REQUIRED WORK:
Your reply should reproduce each record precisely as written.

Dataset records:
>>>>>
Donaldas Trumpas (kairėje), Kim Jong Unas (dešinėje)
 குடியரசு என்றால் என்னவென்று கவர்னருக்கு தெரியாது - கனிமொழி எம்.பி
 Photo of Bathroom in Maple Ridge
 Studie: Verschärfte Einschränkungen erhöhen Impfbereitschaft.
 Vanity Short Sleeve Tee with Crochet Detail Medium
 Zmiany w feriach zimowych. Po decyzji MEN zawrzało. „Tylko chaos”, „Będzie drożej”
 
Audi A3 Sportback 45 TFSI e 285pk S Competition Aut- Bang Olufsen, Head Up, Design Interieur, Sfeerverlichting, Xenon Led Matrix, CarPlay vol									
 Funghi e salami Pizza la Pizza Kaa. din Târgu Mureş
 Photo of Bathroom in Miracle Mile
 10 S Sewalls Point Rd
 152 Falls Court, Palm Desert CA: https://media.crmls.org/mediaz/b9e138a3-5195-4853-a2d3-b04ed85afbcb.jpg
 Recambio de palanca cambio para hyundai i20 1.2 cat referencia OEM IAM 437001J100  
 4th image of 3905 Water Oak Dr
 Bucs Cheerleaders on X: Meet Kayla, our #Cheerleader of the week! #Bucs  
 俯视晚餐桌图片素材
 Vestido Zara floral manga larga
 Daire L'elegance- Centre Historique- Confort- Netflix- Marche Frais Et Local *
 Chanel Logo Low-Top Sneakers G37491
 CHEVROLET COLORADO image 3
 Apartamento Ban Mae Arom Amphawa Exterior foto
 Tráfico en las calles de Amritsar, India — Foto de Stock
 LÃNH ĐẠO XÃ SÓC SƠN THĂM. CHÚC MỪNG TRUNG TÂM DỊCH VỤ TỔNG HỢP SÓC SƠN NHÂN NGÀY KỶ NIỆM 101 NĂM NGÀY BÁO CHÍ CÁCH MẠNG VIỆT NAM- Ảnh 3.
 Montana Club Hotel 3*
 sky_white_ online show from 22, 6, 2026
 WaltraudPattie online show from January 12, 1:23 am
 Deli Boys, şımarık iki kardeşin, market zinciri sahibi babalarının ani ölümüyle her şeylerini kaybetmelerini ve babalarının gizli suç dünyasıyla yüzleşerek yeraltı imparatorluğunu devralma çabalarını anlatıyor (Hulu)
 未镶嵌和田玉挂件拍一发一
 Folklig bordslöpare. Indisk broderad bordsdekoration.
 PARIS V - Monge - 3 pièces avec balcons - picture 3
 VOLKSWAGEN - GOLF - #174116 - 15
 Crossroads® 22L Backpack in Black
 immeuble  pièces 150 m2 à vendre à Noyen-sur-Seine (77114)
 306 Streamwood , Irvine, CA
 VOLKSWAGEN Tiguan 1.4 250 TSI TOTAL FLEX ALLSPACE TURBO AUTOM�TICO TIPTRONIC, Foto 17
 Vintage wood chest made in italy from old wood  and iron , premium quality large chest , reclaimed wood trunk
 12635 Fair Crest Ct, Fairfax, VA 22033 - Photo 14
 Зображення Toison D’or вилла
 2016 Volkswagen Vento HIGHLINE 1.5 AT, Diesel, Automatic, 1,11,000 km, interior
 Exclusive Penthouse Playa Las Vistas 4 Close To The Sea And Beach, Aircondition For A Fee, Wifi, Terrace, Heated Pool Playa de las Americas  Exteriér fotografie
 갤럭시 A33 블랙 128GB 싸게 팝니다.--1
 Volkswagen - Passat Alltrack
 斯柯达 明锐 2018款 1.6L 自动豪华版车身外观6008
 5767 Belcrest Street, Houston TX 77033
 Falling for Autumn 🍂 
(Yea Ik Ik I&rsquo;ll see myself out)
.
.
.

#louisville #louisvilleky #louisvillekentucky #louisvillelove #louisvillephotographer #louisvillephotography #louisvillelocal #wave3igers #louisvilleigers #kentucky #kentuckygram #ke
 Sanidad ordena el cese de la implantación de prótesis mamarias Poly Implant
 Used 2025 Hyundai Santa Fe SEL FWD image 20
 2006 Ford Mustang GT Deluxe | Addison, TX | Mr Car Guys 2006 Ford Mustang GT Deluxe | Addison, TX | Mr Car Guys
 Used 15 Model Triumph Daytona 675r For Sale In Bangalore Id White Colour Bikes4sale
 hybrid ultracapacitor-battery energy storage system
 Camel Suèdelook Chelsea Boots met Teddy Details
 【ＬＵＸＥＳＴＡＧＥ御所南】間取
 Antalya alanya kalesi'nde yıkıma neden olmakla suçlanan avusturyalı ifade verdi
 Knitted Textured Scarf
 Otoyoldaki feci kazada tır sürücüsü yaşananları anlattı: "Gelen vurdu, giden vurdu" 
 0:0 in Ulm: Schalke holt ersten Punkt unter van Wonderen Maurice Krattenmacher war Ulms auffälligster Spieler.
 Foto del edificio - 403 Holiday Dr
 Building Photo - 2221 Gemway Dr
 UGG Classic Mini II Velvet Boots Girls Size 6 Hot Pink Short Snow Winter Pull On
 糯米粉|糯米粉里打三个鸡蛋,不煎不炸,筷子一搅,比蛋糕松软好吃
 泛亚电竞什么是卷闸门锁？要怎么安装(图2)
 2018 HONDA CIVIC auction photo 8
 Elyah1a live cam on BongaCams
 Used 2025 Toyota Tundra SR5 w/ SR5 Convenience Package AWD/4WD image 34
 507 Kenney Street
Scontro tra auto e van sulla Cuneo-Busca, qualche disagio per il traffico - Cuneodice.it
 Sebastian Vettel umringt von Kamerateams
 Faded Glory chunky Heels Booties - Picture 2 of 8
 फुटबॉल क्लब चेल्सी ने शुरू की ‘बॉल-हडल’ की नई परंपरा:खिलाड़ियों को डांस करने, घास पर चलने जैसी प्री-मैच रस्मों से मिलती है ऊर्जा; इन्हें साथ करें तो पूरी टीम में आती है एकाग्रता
<<<<<
ANSWER TO THE EXERCISE:
Donaldas Trumpas (kairėje), Kim Jong Unas (dešinėje)
 குடியரசு என்றால் என்னவென்று கவர்னருக்கு தெரியாது - கனிமொழி எம்.பி
 Photo of Bathroom in Maple Ridge
 Studie: Verschärfte Einschränkungen erhöhen Impfbereitschaft.
 Vanity Short Sleeve Tee with Crochet Detail Medium
 Zmiany w feriach zimowych. Po decyzji MEN zawrzało. „Tylko chaos”, „Będzie drożej”
 
Audi A3 Sportback 45 TFSI e 285pk S Competition Aut- Bang Olufsen, Head Up, Design Interieur, Sfeerverlichting, Xenon Led Matrix, CarPlay vol									
 Funghi e salami Pizza la Pizza Kaa. din Târgu Mureş
 Photo of Bathroom in Miracle Mile
 10 S Sewalls Point Rd
 152 Falls Court, Palm Desert CA: https://media.crmls.org/mediaz/b9e138a3-5195-4853-a2d3-b04ed85afbcb.jpg
 Recambio de palanca cambio para hyundai i20 1.2 cat referencia OEM IAM 437001J100  
 4th image of 3905 Water Oak Dr
 Bucs Cheerleaders on X: Meet Kayla, our #Cheerleader of the week! #Bucs  
 俯视晚餐桌图片素材
 Vestido Zara floral manga larga
 Daire L'elegance- Centre Historique- Confort- Netflix- Marche Frais Et Local *
 Chanel Logo Low-Top Sneakers G37491
 CHEVROLET COLORADO image 3
 Apartamento Ban Mae Arom Amphawa Exterior foto
 Tráfico en las calles de Amritsar, India — Foto de Stock
 LÃNH ĐẠO XÃ SÓC SƠN THĂM. CHÚC MỪNG TRUNG TÂM DỊCH VỤ TỔNG HỢP SÓC SƠN NHÂN NGÀY KỶ NIỆM 101 NĂM NGÀY BÁO CHÍ CÁCH MẠNG VIỆT NAM- Ảnh 3.
 Montana Club Hotel 3*
 sky_white_ online show from 22, 6, 2026
 WaltraudPattie online show from January 12, 1:23 am
 Deli Boys, şımarık iki kardeşin, market zinciri sahibi babalarının ani ölümüyle her şeylerini kaybetmelerini ve babalarının gizli suç dünyasıyla yüzleşerek yeraltı imparatorluğunu devralma çabalarını anlatıyor (Hulu)
 未镶嵌和田玉挂件拍一发一
 Folklig bordslöpare. Indisk broderad bordsdekoration.
 PARIS V - Monge - 3 pièces avec balcons - picture 3
 VOLKSWAGEN - GOLF - #174116 - 15
 Crossroads® 22L Backpack in Black
 immeuble  pièces 150 m2 à vendre à Noyen-sur-Seine (77114)
 306 Streamwood , Irvine, CA
 VOLKSWAGEN Tiguan 1.4 250 TSI TOTAL FLEX ALLSPACE TURBO AUTOM�TICO TIPTRONIC, Foto 17
 Vintage wood chest made in italy from old wood  and iron , premium quality large chest , reclaimed wood trunk
 12635 Fair Crest Ct, Fairfax, VA 22033 - Photo 14
 Зображення Toison D’or вилла
 2016 Volkswagen Vento HIGHLINE 1.5 AT, Diesel, Automatic, 1,11,000 km, interior
 Exclusive Penthouse Playa Las Vistas 4 Close To The Sea And Beach, Aircondition For A Fee, Wifi, Terrace, Heated Pool Playa de las Americas  Exteriér fotografie
 갤럭시 A33 블랙 128GB 싸게 팝니다.--1
 Volkswagen - Passat Alltrack
 斯柯达 明锐 2018款 1.6L 自动豪华版车身外观6008
 5767 Belcrest Street, Houston TX 77033
 Falling for Autumn 🍂 
(Yea Ik Ik I&rsquo;ll see myself out)
.
.
.

#louisville #louisvilleky #louisvillekentucky #louisvillelove #louisvillephotographer #louisvillephotography #louisvillelocal #wave3igers #louisvilleigers #kentucky #kentuckygram #ke
 Sanidad ordena el cese de la implantación de prótesis mamarias Poly Implant
 Used 2025 Hyundai Santa Fe SEL FWD image 20
 2006 Ford Mustang GT Deluxe | Addison, TX | Mr Car Guys 2006 Ford Mustang GT Deluxe | Addison, TX | Mr Car Guys
 Used 15 Model Triumph Daytona 675r For Sale In Bangalore Id White Colour Bikes4sale
 hybrid ultracapacitor-battery energy storage system
 Camel Suèdelook Chelsea Boots met Teddy Details
 【ＬＵＸＥＳＴＡＧＥ御所南】間取
 Antalya alanya kalesi'nde yıkıma neden olmakla suçlanan avusturyalı ifade verdi
 Knitted Textured Scarf
 Otoyoldaki feci kazada tır sürücüsü yaşananları anlattı: "Gelen vurdu, giden vurdu" 
 0:0 in Ulm: Schalke holt ersten Punkt unter van Wonderen Maurice Krattenmacher war Ulms auffälligster Spieler.
 Foto del edificio - 403 Holiday Dr
 Building Photo - 2221 Gemway Dr
 UGG Classic Mini II Velvet Boots Girls Size 6 Hot Pink Short Snow Winter Pull On
 糯米粉|糯米粉里打三个鸡蛋,不煎不炸,筷子一搅,比蛋糕松软好吃
 泛亚电竞什么是卷闸门锁？要怎么安装(图2)
 2018 HONDA CIVIC auction photo 8
 Elyah1a live cam on BongaCams
 Used 2025 Toyota Tundra SR5 w/ SR5 Convenience Package AWD/4WD image 34
 507 Kenney Street
Scontro tra auto e van sulla Cuneo-Busca, qualche disagio per il traffico - Cuneodice.it
 Sebastian Vettel umringt von Kamerateams
 Faded Glory chunky Heels Booties - Picture 2 of 8
 फुटबॉल क्लब चेल्सी ने शुरू की ‘बॉल-हडल’ की नई परंपरा:खिलाड़ियों को डांस करने, घास पर चलने जैसी प्री-मैच रस्मों से मिलती है ऊर्जा; इन्हें साथ करें तो पूरी टीम में आती है एकाग्रता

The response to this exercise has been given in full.